━━━━━ DATA FOR THIS EXERCISE ━━━━━

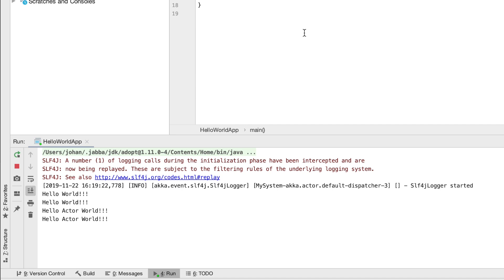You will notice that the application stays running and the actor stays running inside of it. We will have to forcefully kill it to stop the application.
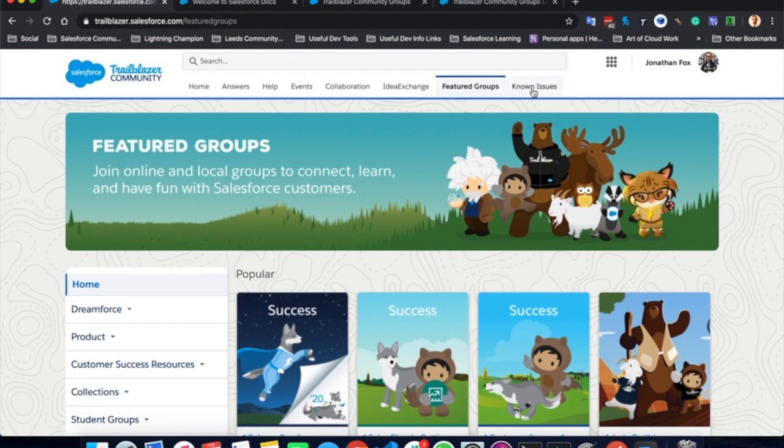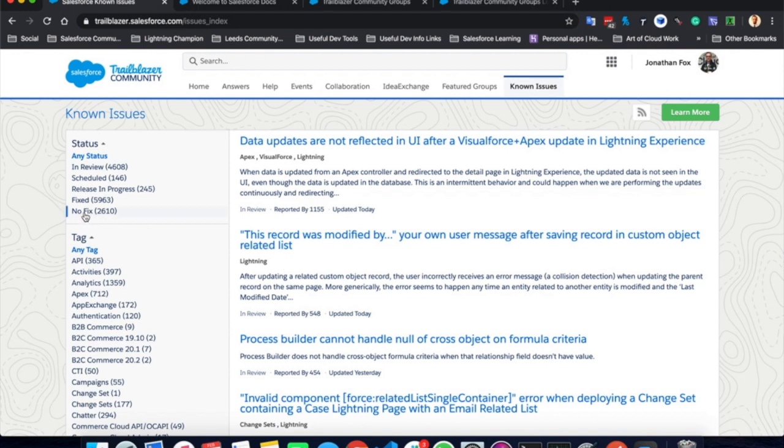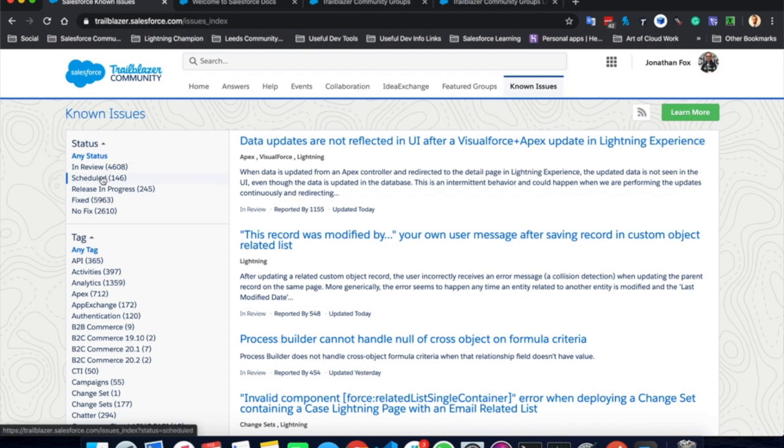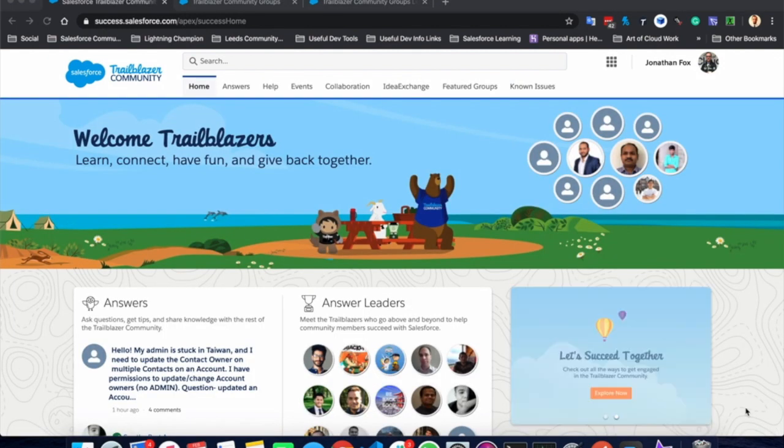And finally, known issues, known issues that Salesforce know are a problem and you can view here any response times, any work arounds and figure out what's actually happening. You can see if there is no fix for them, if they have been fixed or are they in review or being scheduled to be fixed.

━━━━━
━━━━━ DATA FOR THIS EXERCISE ━━━━━

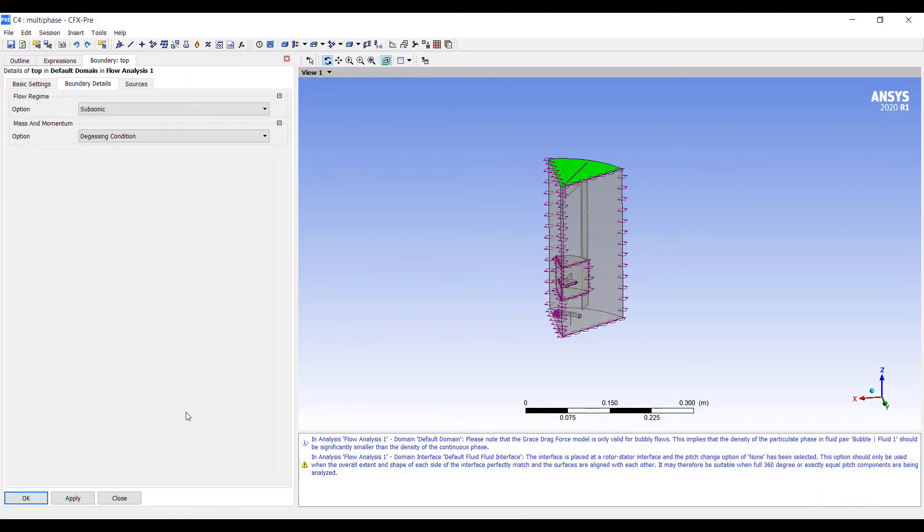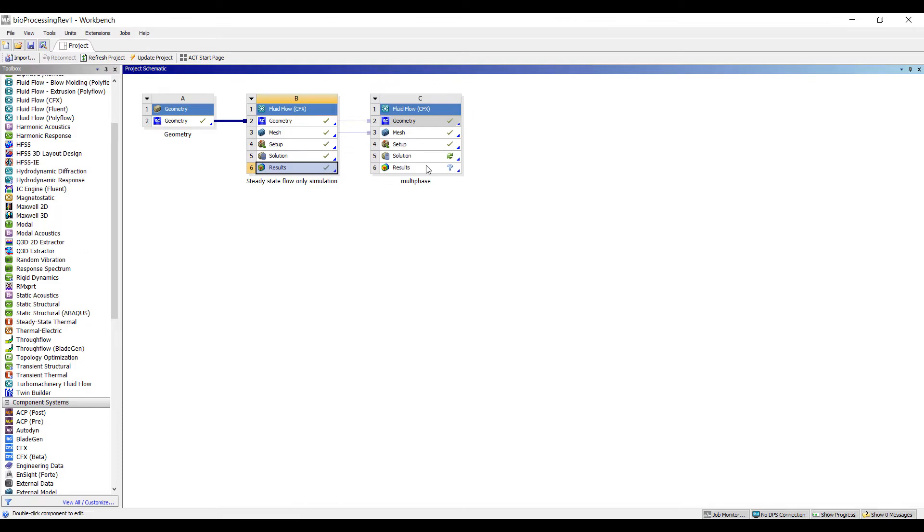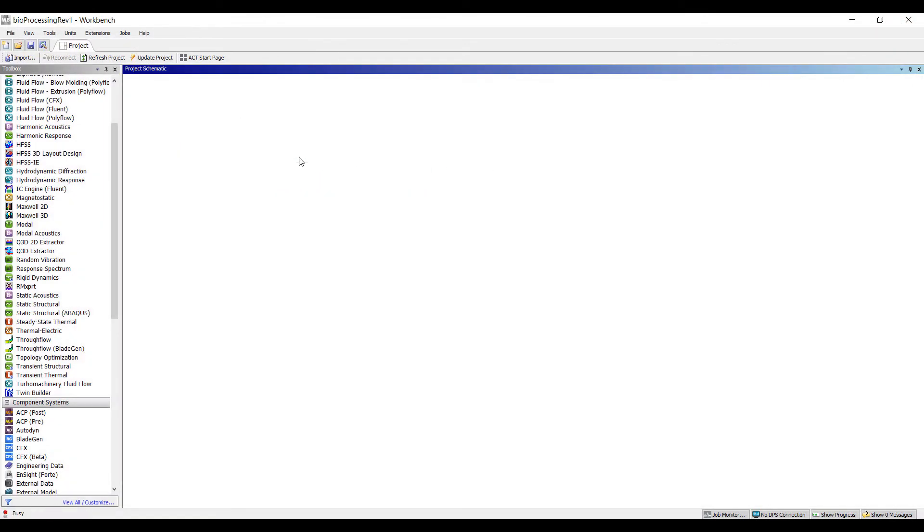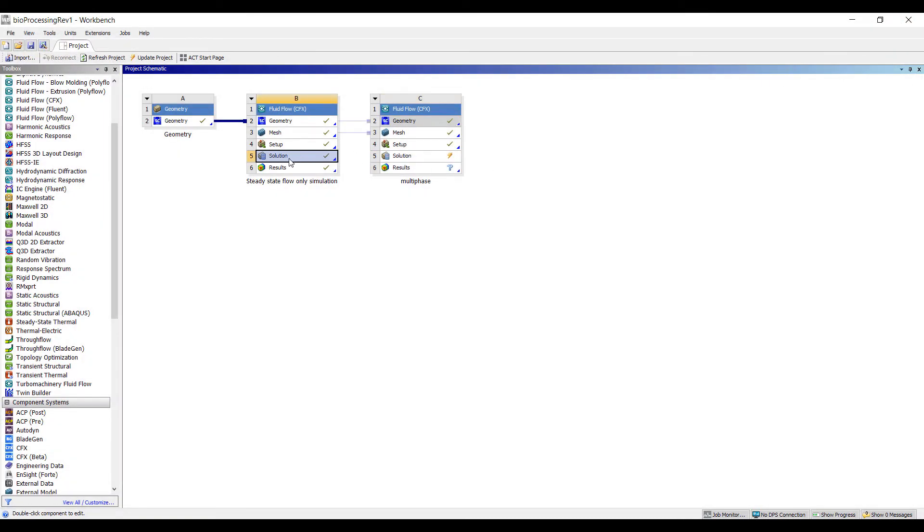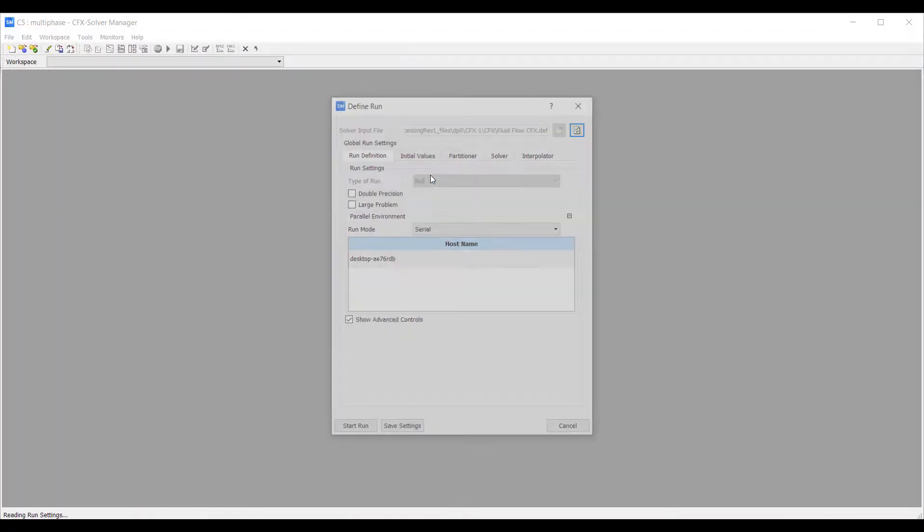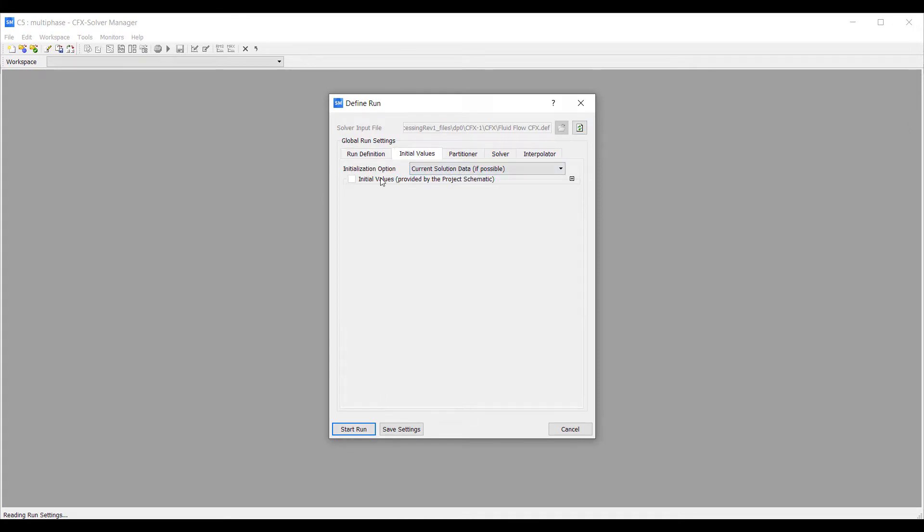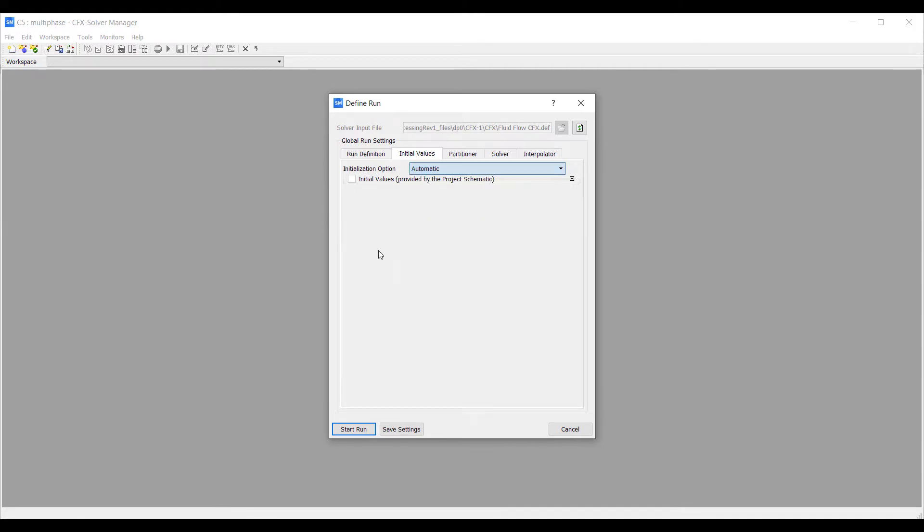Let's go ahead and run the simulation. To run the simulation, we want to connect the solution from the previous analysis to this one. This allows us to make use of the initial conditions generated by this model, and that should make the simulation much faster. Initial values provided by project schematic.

━━━━━

Leaving all pictures out, output exactly the lines of the material above from the line with "You will notice" to the line with "And finally, known", both included.

You will notice that the application stays running and the actor stays running inside of it. We will have to forcefully kill it to stop the application.
And finally, known issues, known issues that Salesforce know are a problem and you can view here any response times, any work arounds and figure out what's actually happening. You can see if there is no fix for them, if they have been fixed or are they in review or being scheduled to be fixed.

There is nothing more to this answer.